Hi, I messed around for a couple years with carbon fiber mostly trying to create my own lightweight bike parts. But I did quite a few other projects that weren't cycle specific. The one thing I found consistent with every project I use a mold with, was it getting the finished products the hardened cured product away from the mold was always tricky. Even broke a part or two trying to get it to release. At one point I even popped for,, well now, I forget the name of the hard paint on liquid but it puts a hard coating on your mold and it's quite expensive. But anyway even that didn't work as well as I had hoped it would.
A decade later, and I'm confronted with a problem that requires me to decrease the weight of a swinging door, because I have now replaced the glass with corrugated plastic. The fiberglass frame of the door is too heavy for the corrugated plastic because it does not supply the rigidity that the glass did. I remember I have some leftover carbon fiber in my storage, so I buy a quart of resin a couple cheap paint brushes and as a cheap release agent get a tub of Vaseline. I've never tried this before but I knew it was a cheap alternative.

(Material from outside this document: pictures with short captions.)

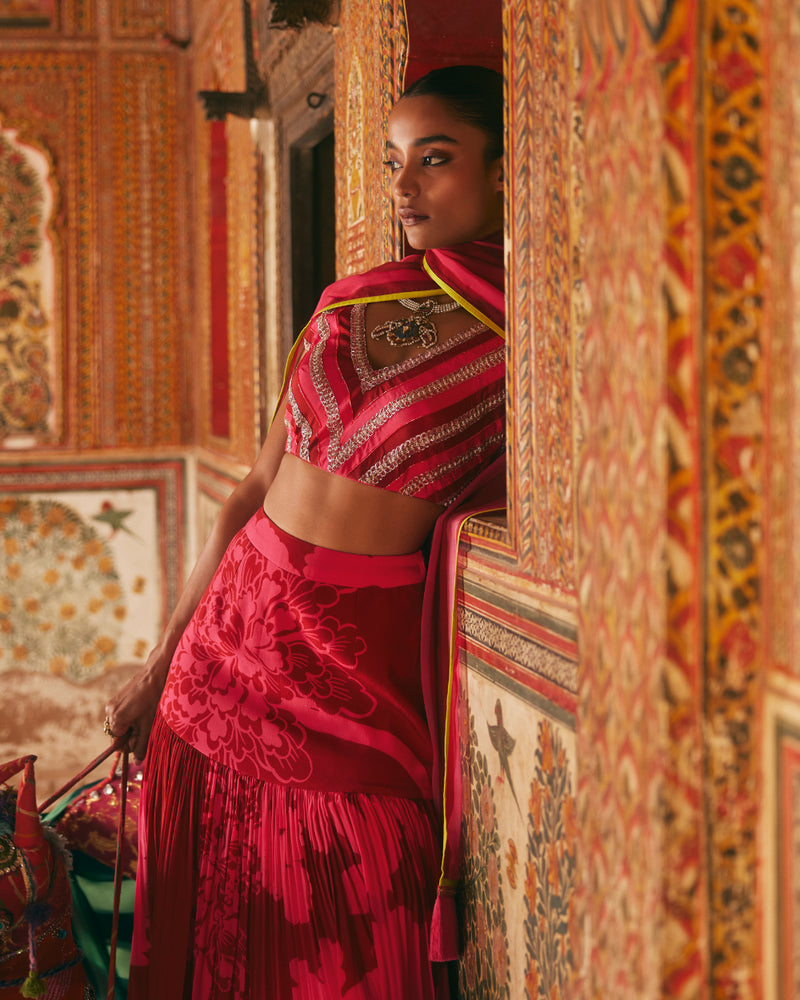 Khel Pink And Red Printed Lehenga mul by Rajiramniq in multi color for women in Singapore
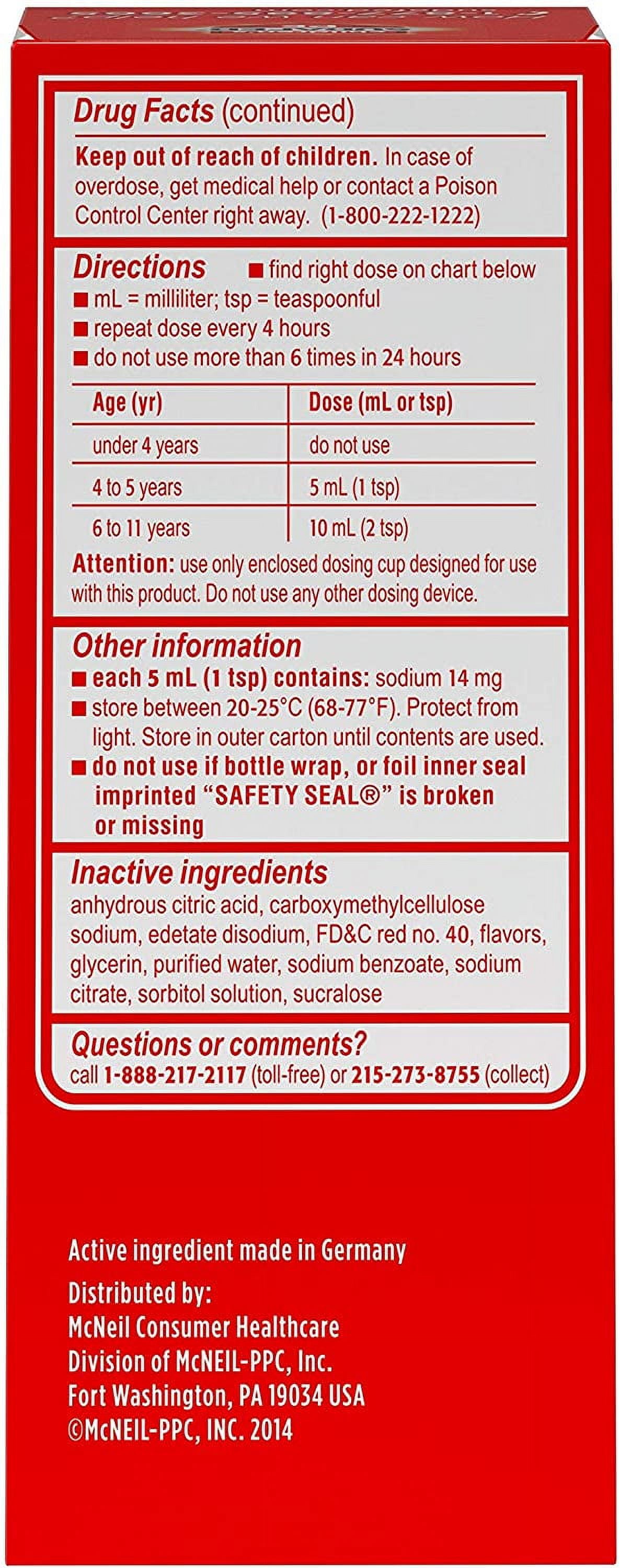 SUDAFED PE Children's Nasal Decongestant Liquid, Berry 4 oz (Pack of 4)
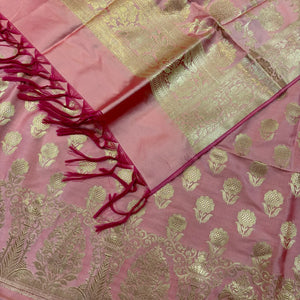 Peach Zari Satin Silk Banarasi Suit
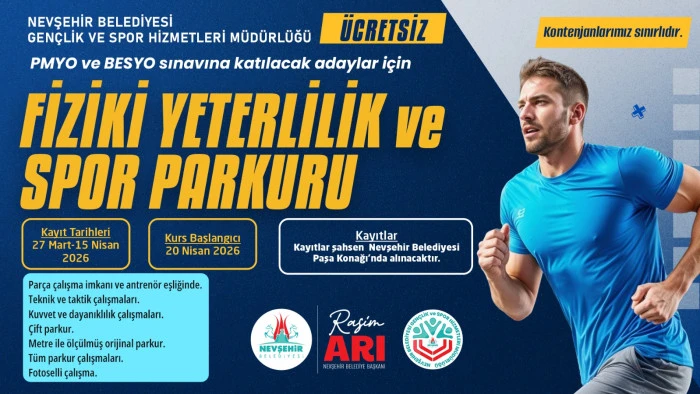 Nevşehir Belediyesi&rsquo;nden PMYO ve BESYO Adaylarına &Uuml;cretsiz Parkur Kursu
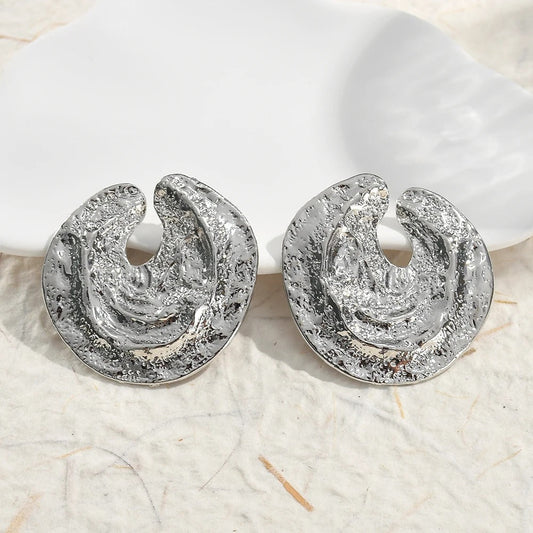 Silver Vintage Abstract Round Earrings-Lydieannejewelry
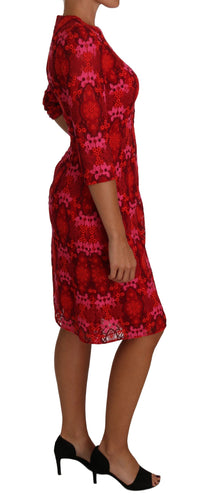 Thumbnail for Elegant Floral Crochet Knee-Length Dress
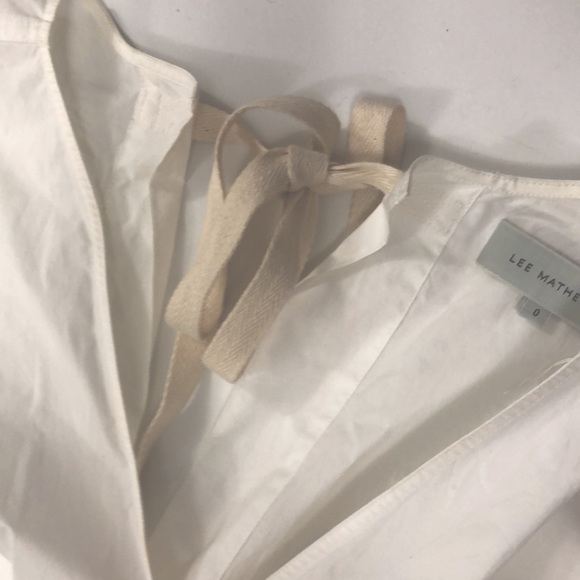 Lee Mathews 0 Dress White Cotton Long Sleeve Open Back Pockets Long Excellent - Picture 3 of 12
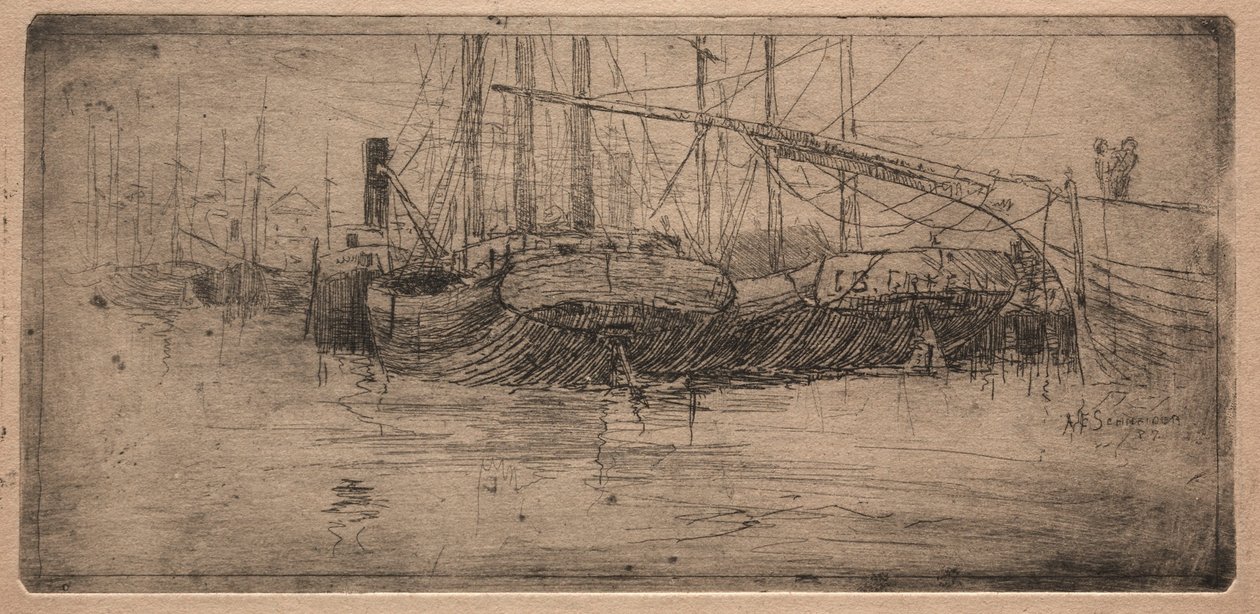 Proklouzněte podél řeky Cuyahoga, 1887. od Arthur E. Schneider.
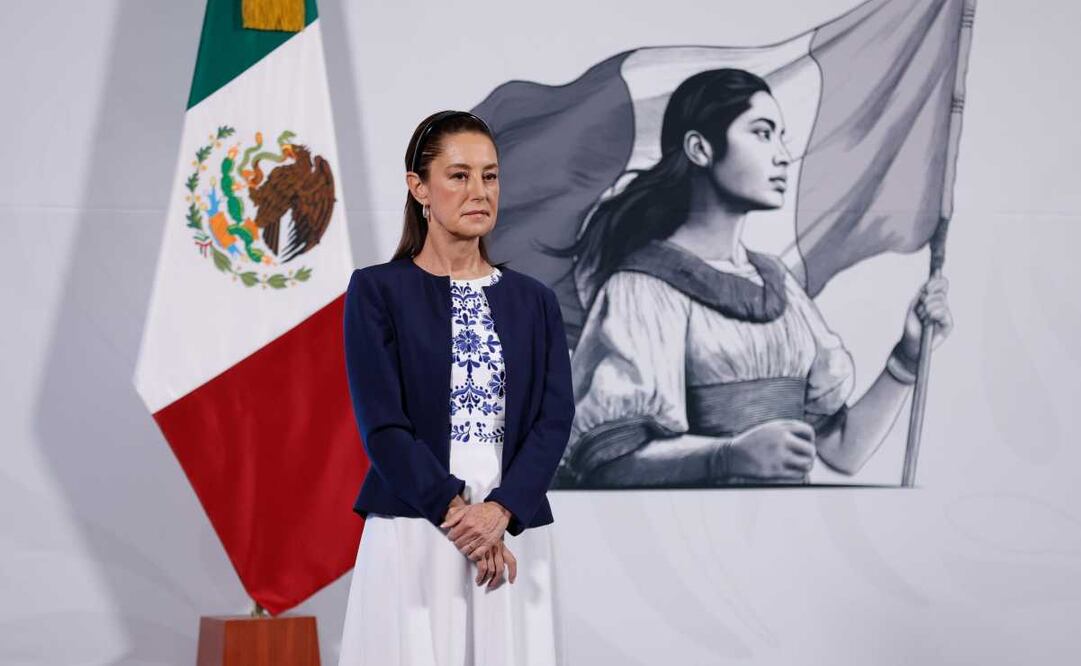 Claudia Sheinbaum, presidenta de México, durante la mañanera del 21 de abril del 2025 en Palacio Nacional. Foto: Diego Simón  / EL UNIVERSAL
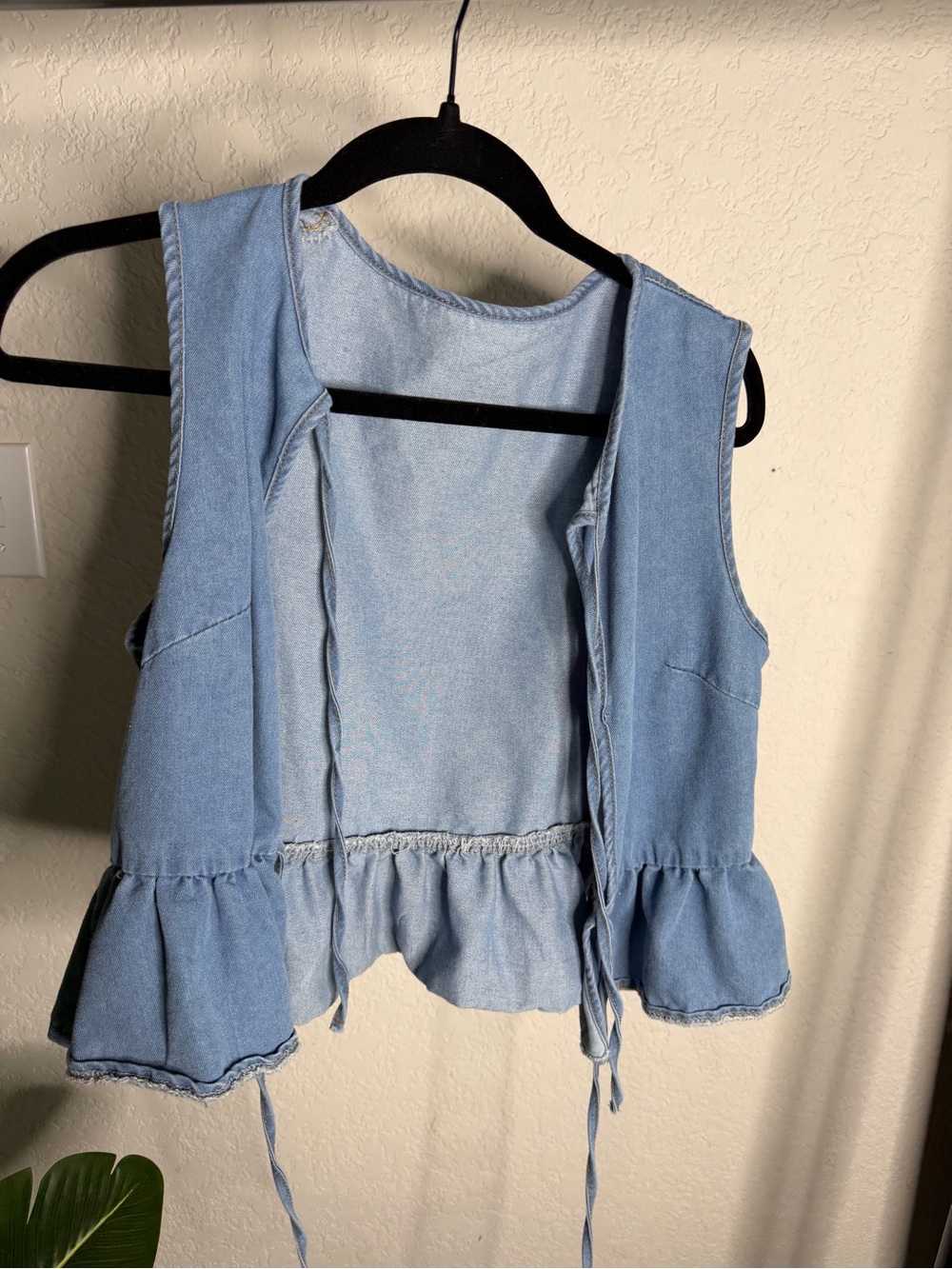 Light Blue Denim Peplum Vest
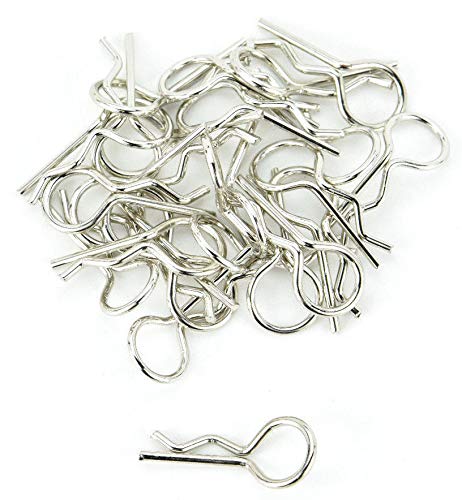 Apex RC Products Silver 1/10 Large Bent RC Anodized Body Clips - 25pcs #4031SL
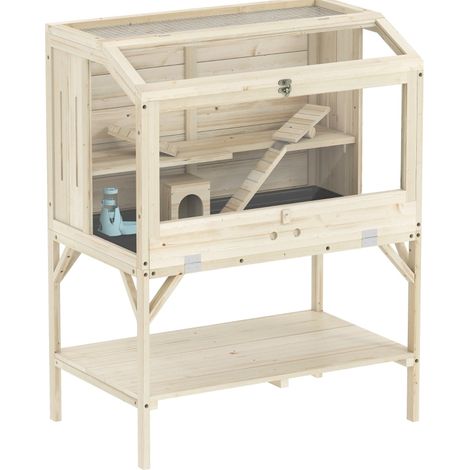 Gabbia per criceti a 2 livelli con vano contenitore, 84 x 53 x 110 cm, legno naturale HAVRYA (1/4)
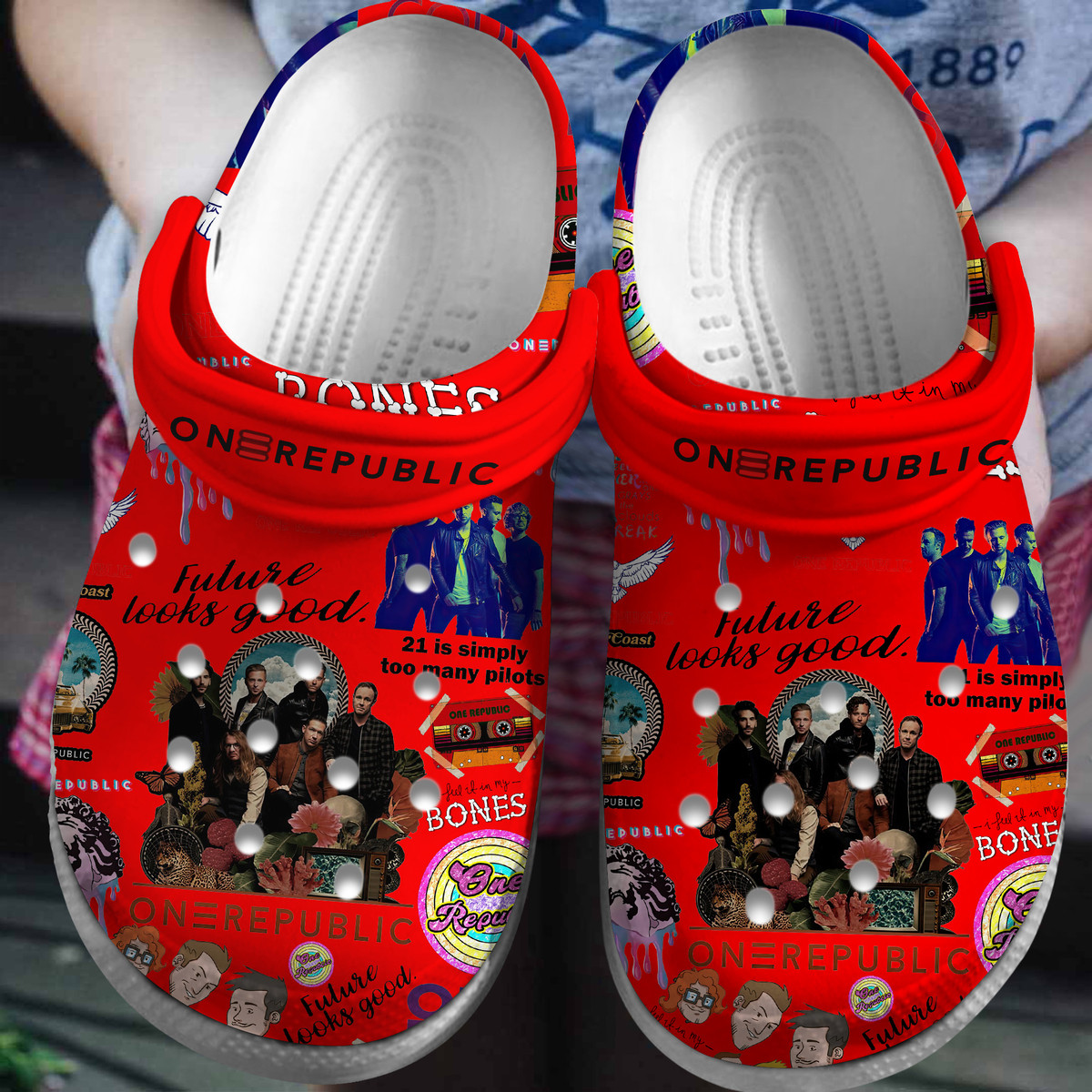 Footwearmerch OneRepublic Music Band Crocs Crocband Clogs For Men Women and Kids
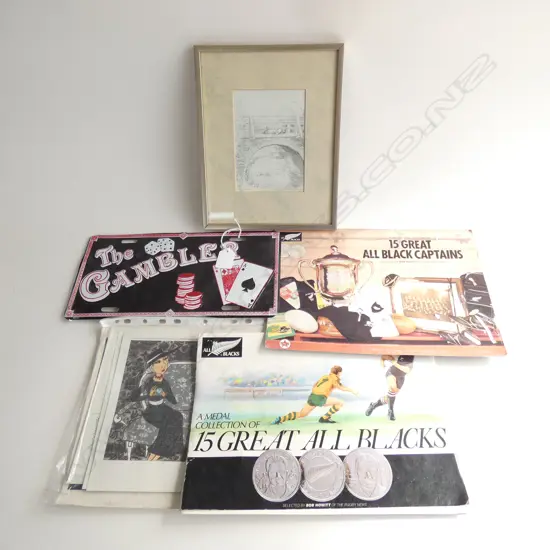 ASST EPHEMERA / 2 ALL BLACK MEDAL COLLECTIONS / TINPLATE 'THE GAMBLER' + PRINT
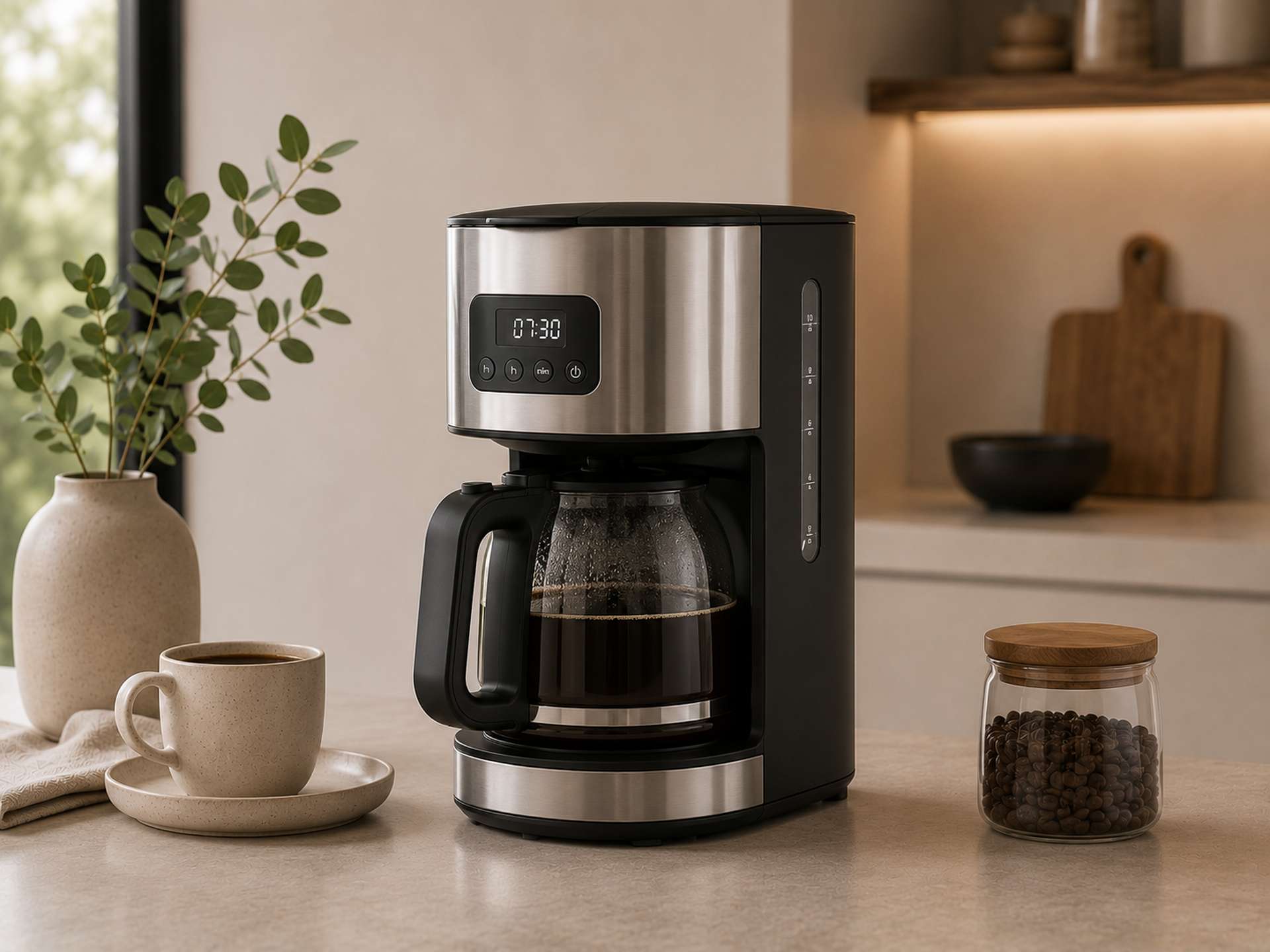 Kaffeemaschinen entdecken Kaffeemaschine auf einer hellen Küchenarbeitsplatte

Here's the wow part. After coating the fiberglass frame which I was going to use as a positive mold with Vaseline I see there's a stack of tissue paper in the corner of the room. By tissue paper I mean the very light thin stuff that you use to wrap China in. Gift tissue paper I guess. I decide to cover a section of my mold with this tissue paper as a layer in between the mold and the carbon fiber. (I was thinking cheese) It's was not easy getting it flat and laid nicely over the mold but once it gets thoroughly greasy with the Vaseline it's doable. The Vaseline alone didn't work very well at all, and I'm not even sure I'll be able to get the peace fully separated from the mold. But I am amazed, just absolutely amazed at how well the greasy tissue paper as an intermediate layer worked. I think I almost could have just lifted the mold up and tilted it vertical and the piece would have slid off had I done the whole piece with this tissue paper technique. And mostly everywhere the tissue paper peeled off the back of the carbon fiber as well. What I don't understand is why this hasn't been something that somebody else has tried? I think someone must have, but why I've never heard of it before I don't know? But if this is a new technique that I've discovered check it out. It works very very well.